PDA

View Full Version : sed help



tobiasgardner
March 19th, 2013, 06:25 AM
Hi, I am stuck on this, have spent hours trying to find an answer :/

I am trying to use sed to strip away content in .html files. Sometimes the html files have the html tags on own rows and sometimes not, as in the examples below:

Example a.html:


<html>
<head>
<title>Example A</title>
</head>
<body style="styleA">
<p>Some text
</body>
</html>


Example b.html:


<html><head><title>Example B</title></head><body style="styleB"><p>Some text</body></html>


With the following sed command I can add text after a tag independent of if it has a newline or not...

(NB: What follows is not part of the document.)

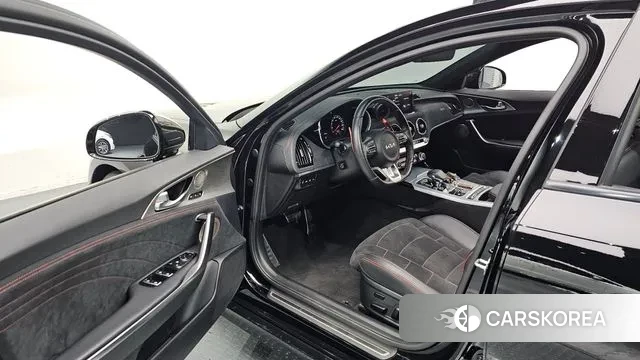 Kia Stinger Meister 2022 Черный из Кореи, фото 2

tobbe@virtualbox:~/$ sed 's/<[\/]*body[^>]*>/&\
/g' a.html
<html>
<head>
<title>Example A</title>
</head>
<body style="styleA">


<p>Some text
</body>


</html>
tobbe@virtualbox:~/$
tobbe@virtualbox:~/$
tobbe@virtualbox:~/$ sed 's/<[\/]*body[^>]*>/&\
/g' b.html
<html><head><title>Example B</title></head><body style="styleB">
<p>Some text</body>
</html>


BUT I only want to add the newline when the tag is NOT followed by a newline... So I am trying to do the same as above but use the searchcritera as above + NOT a newline which I thought was '^$', i.e.



tobbe@virtualbox:~/$ sed 's/<[\/]*body[^>]*>^$/&\
/g' b.html
<html><head><title>Example B</title></head><body style="styleB"><p>Some text</body></html>

varunendra
March 19th, 2013, 06:38 AM
Thread moved to Programming Talk.
------------------------------------

A nice reference link for sed usage : http://www.grymoire.com/Unix/Sed.html
I'm no expert, but I managed to do everything I wanted with a very complex mix up of html files with the help of that guide and some bash references.

Perhaps someone here can give you a better link or maybe even an elegant solution to what you want.

Vaphell
March 19th, 2013, 06:59 AM
. is not-a-newline ;-)

try this:

sed -r 's/(<[\/]*body[^>]*>)(.)/\1\n\2/g'